Nevertheless, the honey of the study area, although produced in a limited territory, produced very different honeys according to the different apiary stations and, most importantly, the honeys were not totally definable as wildflower. This highlights the importance of formal analysis (at least melissopalynological analysis if phytochemical is not possible) to characterize honey, that could often reveal food products even more interesting than expected. A better definition of honeys, in addition, could give important cues for beekeeping management, as there are certain key species or plant groups that are particularly important2 and a valuable area of further research is to discover why these particular species are important and how landscapes affect bee foraging in different environments.

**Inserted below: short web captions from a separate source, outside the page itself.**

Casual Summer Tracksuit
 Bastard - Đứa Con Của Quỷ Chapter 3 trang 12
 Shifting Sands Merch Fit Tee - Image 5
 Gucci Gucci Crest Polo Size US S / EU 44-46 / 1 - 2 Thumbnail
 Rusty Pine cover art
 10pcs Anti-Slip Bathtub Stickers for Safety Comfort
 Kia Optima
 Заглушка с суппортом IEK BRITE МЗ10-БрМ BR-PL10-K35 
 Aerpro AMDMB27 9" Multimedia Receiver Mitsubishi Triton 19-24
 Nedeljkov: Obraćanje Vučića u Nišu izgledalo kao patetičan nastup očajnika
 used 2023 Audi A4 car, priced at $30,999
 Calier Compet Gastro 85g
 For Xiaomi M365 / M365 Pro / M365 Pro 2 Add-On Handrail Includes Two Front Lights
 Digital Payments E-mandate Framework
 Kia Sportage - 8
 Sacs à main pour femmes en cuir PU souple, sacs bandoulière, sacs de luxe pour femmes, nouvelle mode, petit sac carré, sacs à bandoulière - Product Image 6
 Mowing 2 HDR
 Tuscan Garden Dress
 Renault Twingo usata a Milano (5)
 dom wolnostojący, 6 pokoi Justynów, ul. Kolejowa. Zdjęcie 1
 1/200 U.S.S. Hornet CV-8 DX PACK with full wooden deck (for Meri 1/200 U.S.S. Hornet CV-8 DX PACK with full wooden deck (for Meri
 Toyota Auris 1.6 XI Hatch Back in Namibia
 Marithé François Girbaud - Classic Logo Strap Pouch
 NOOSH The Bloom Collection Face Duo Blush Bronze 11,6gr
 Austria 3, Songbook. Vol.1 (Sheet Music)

An understanding of the reasons why honeybees target certain plants could help to provide guidance on what constitutes a balanced honeybee diet2. The characterization of honeys, furthermore, could lead to the discovery of important compounds both for bees, in particular considering bee behaviour and bee-plant communication, and for human nutrition.

Conclusion

Our study highlights the difficulty of producing a mountain wildflower honey in the Alps taking into consideration expected aroma and flavour characteristics. This could be attributed to environmental and behavioural features, also linked to the presence of particular neuroactive compounds in some essences. Thorough characterization of the product is essential in order to reveal unexpected characteristics also from a nutraceutical point of view. It is to be hoped that this work will contribute to the valorisation of wildflower honey, this important product of the Alps, and give new impetus to its production conditional on bee behaviour which in turn depends on the anthropic and climatic changes affecting mountain territories.